The House and Senate this week both unanimously approved $100 million in funds for state and local public health officials to respond to the outbreak. The measure will go back to the House for a final vote before going to Gov. Jay Inslee to sign into law.
Takko said he’s also working on funding for a number of small capital projects in places like Cathlamet and Ilwaco. However, Longview’s request for $500,000 to fund a new satellite police station in the Highlands neighborhood is likely too big of a request during the short session, he said.
He’s also trying to pass legislation out of the Senate that would reallocate tourism tax dollars to local cities instead of Cowlitz County.
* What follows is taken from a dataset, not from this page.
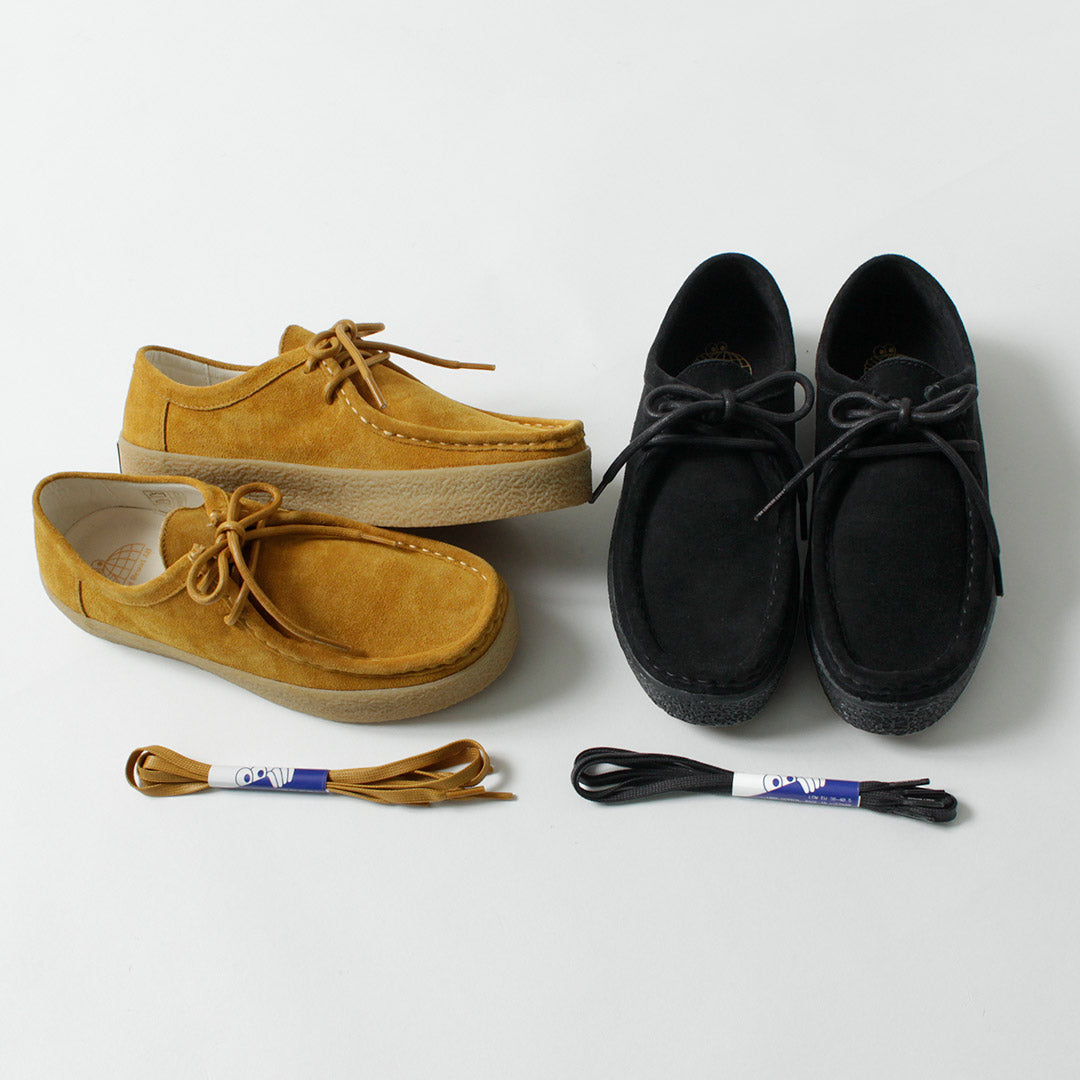 ★LAST RESORT AB / VM006 麂皮低帮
The measure would not impose a new tax. It would allow cities to keep the 2% lodging tax generated in their borders instead of allowing the county to collect it. The measure passed out of the House last month.
Rep. Jim Walsh, an Aberdeen Republican, said he plans to be “basically a walking patrol” during the last week of the session to fight off any attempts to pass last-minute fixes on taxes, such as cap and trade.
Walsh said he opposed a mandate for comprehensive sex education in public schools because he was concerned it would give the state more control over curriculum and textbook decisions. Local school boards should make those calls, he said. Nonetheless, the measure passed out of the House late Wednesday night. The bill now will return to the Senate for a final vote.
He added on Thursday that he is concerned about a vote that could come to the floor of the House which would abolish the death penalty. Walsh said his position is “nuanced,” but ultimately he’s heard from prosecutors that the death penalty is a useful tool when negotiating sentences for people who committed “heinous” crimes. Therefore, we would vote against abolishing the death penalty.